* _Input records_:
=== Begin Enclosure ===

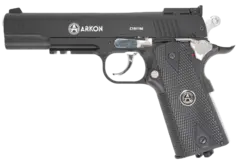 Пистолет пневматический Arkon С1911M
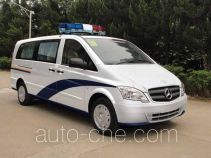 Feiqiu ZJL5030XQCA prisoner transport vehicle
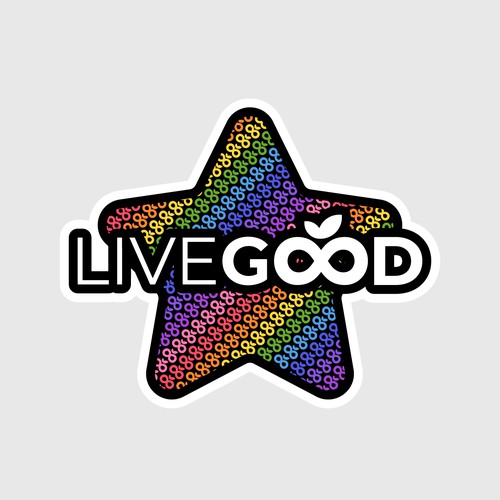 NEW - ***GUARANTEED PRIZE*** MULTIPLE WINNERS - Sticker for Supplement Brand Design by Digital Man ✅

=== End Enclosure ===
=== Begin Enclosure ===

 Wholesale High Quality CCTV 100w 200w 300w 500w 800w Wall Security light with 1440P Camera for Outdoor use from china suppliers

=== End Enclosure ===
=== Begin Enclosure ===

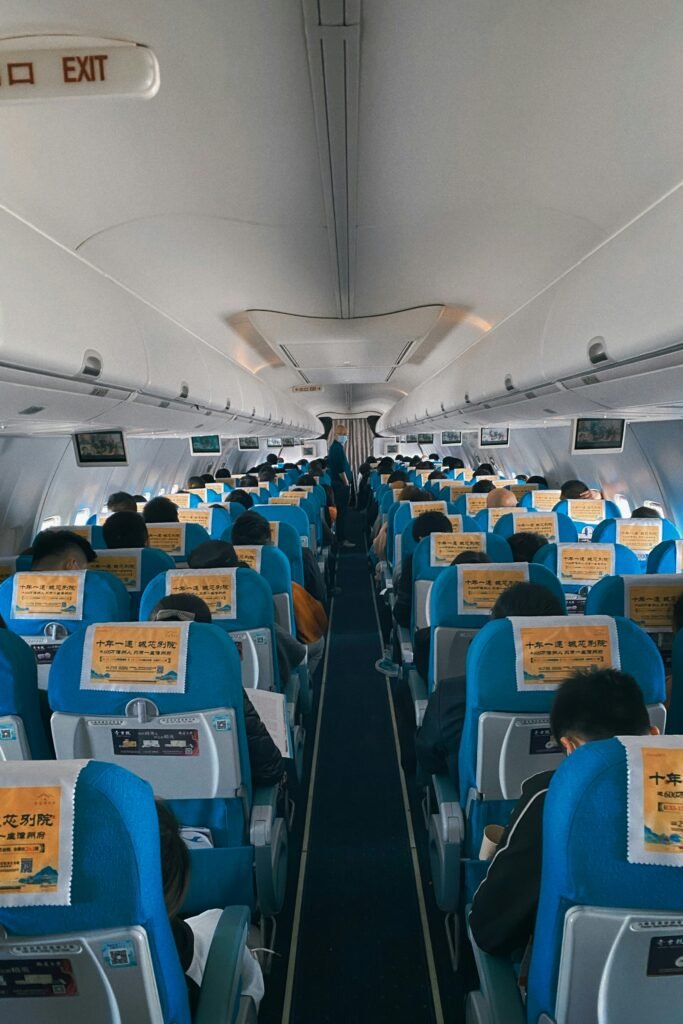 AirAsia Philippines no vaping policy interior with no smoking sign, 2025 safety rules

=== End Enclosure ===

* _Work task_: In the data above, retype only the stretch from the line with "Feiqiu ZJL5030XQCA prisoner" through the line with "NEW - ***GUARANTEED", word for word, and skip any pictures.

* _Task response_:
 Feiqiu ZJL5030XQCA prisoner transport vehicle
 NEW - ***GUARANTEED PRIZE*** MULTIPLE WINNERS - Sticker for Supplement Brand Design by Digital Man ✅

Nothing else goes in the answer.